* [PROVIDED RECORDS]:

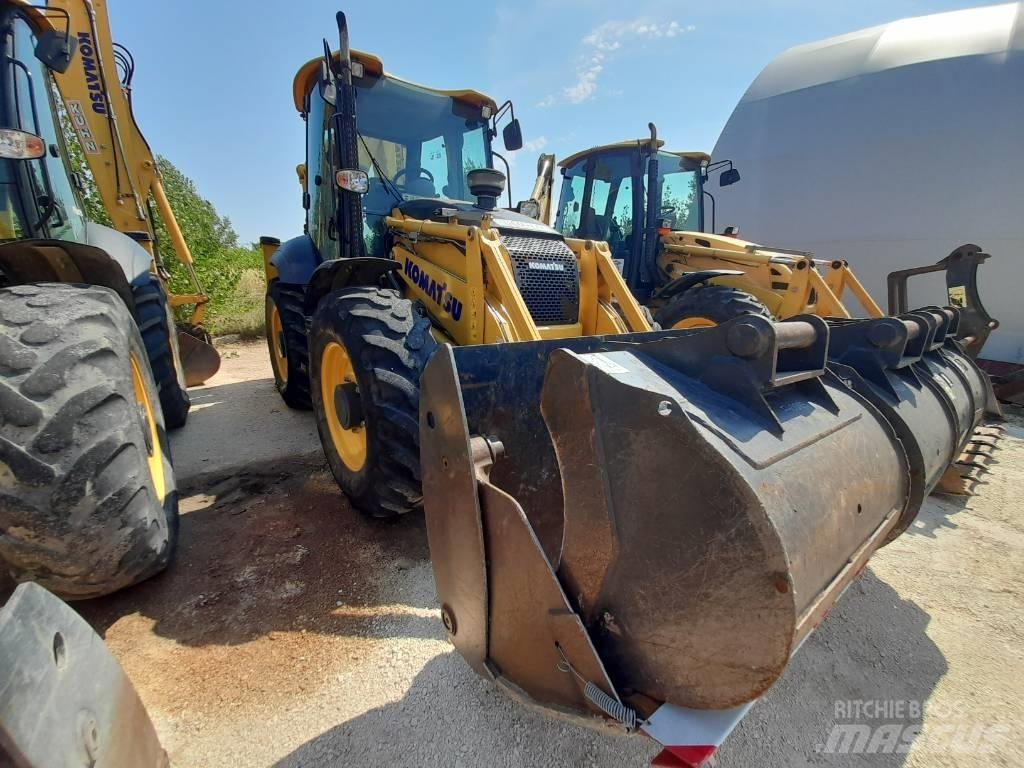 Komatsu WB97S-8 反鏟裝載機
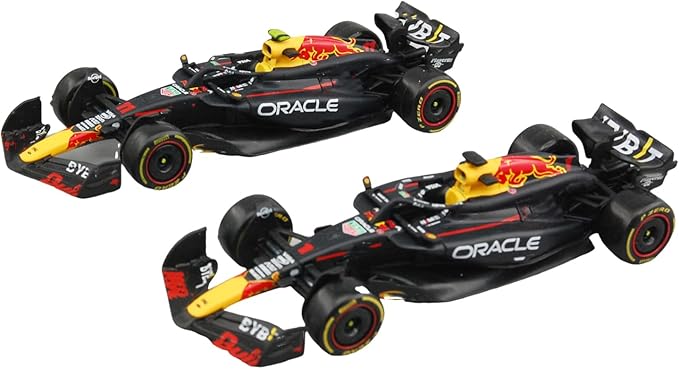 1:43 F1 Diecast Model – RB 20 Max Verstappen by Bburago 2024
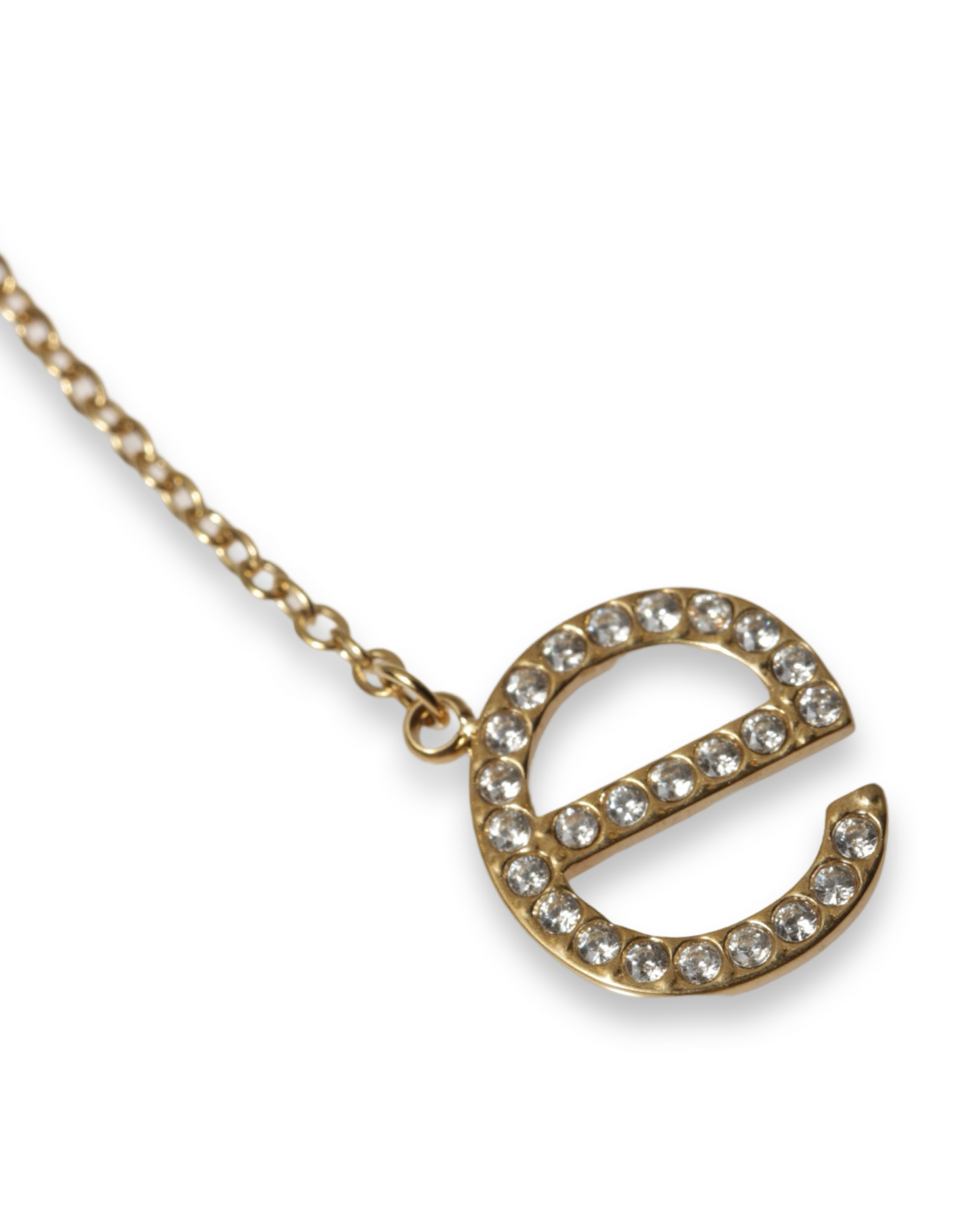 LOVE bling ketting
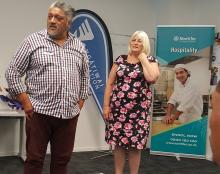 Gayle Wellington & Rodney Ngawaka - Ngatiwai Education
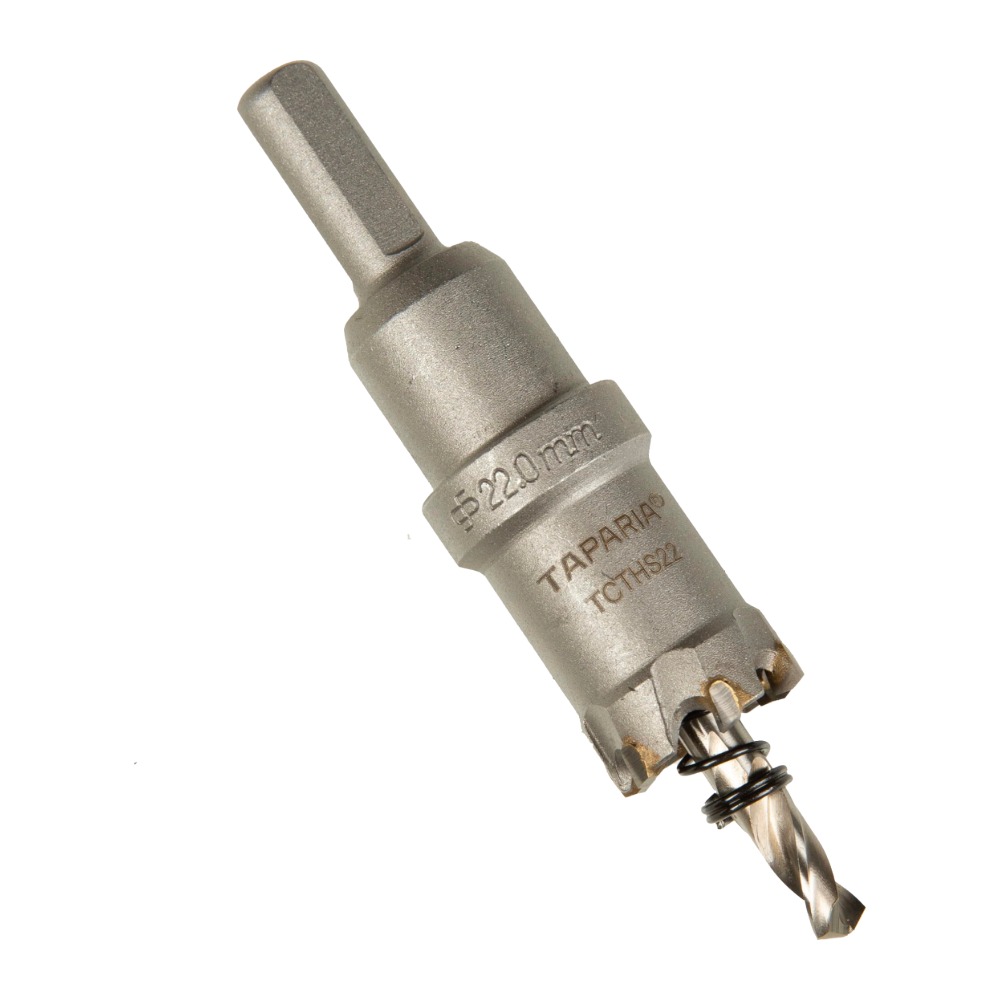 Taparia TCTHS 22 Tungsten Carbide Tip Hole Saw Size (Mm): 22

* [YOUR ASSIGNMENT]: Starting at the line that contains "1:43 F1 Diecast", reproduce each line exactly through the end of the entries above, leaving every picture out.

* [OUTPUT OF THE TASK]:
 1:43 F1 Diecast Model – RB 20 Max Verstappen by Bburago 2024
 LOVE bling ketting
 Gayle Wellington & Rodney Ngawaka - Ngatiwai Education
 Taparia TCTHS 22 Tungsten Carbide Tip Hole Saw Size (Mm): 22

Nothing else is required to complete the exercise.